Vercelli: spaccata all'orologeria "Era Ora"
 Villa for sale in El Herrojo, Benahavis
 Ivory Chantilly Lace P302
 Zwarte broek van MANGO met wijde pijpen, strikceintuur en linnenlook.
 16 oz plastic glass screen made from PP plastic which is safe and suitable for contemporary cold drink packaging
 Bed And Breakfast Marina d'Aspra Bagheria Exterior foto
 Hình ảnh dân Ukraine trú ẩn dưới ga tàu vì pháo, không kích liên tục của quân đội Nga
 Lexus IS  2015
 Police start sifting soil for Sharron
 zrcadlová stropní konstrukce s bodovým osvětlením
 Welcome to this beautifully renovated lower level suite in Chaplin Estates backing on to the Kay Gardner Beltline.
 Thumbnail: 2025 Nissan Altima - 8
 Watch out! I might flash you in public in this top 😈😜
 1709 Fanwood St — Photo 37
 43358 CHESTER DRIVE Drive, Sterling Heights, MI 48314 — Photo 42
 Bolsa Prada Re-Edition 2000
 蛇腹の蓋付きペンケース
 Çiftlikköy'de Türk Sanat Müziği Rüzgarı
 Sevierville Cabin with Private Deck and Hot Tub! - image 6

--------------------------------------------------

▶ _WORK INSTRUCTION_: The line that contains "Watch out! I", the final line of the listing, and every line between them are to be retyped exactly; nothing else.

▶ _WRITTEN REPLY_:
 Watch out! I might flash you in public in this top 😈😜
 1709 Fanwood St — Photo 37
 43358 CHESTER DRIVE Drive, Sterling Heights, MI 48314 — Photo 42
 Bolsa Prada Re-Edition 2000
 蛇腹の蓋付きペンケース
 Çiftlikköy'de Türk Sanat Müziği Rüzgarı
 Sevierville Cabin with Private Deck and Hot Tub! - image 6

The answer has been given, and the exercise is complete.